- EXERCISE DESCRIPTION -
Return exactly the lines of the records below, starting at the line that contains "Marni Women Tulipea Small Bag MARNI" and ending at the line that contains "Aparatoare disc frana", with both of those lines kept.

- DATA SHOWN -
━━━━━━━━━━━━━━━━━━━━

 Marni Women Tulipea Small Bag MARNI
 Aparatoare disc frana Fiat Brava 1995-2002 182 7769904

━━━━━━━━━━━━━━━━━━━━

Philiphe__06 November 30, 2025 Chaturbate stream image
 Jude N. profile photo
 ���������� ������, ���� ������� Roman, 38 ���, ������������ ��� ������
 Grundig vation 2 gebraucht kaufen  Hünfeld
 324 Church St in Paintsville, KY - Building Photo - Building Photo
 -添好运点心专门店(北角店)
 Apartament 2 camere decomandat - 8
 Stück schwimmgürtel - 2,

━━━━━━━━━━━━━━━━━━━━

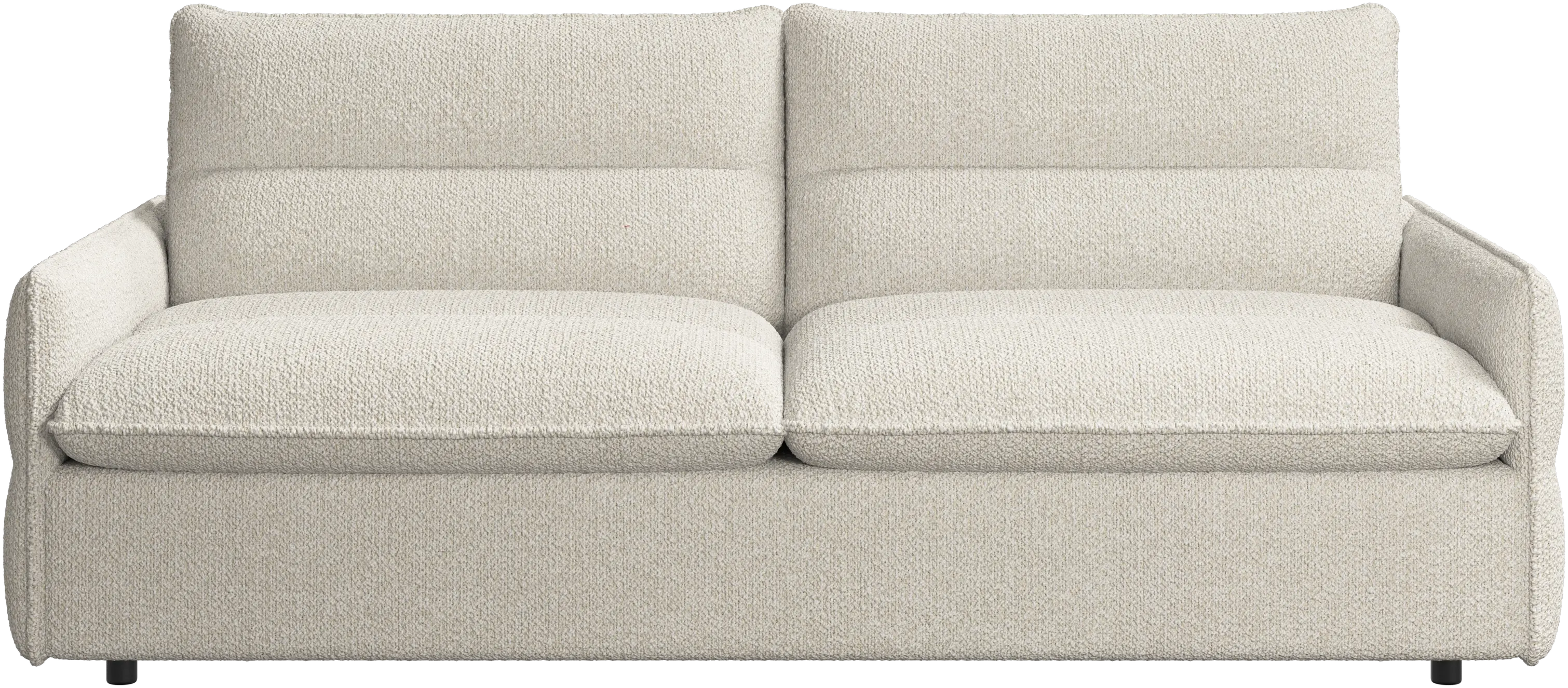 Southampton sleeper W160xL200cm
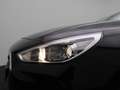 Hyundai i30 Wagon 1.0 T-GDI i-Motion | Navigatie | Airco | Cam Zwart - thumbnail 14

━━━━━━━━━━━━━━━━━━━━

- EXPECTED ANSWER -
 Marni Women Tulipea Small Bag MARNI
 Aparatoare disc frana Fiat Brava 1995-2002 182 7769904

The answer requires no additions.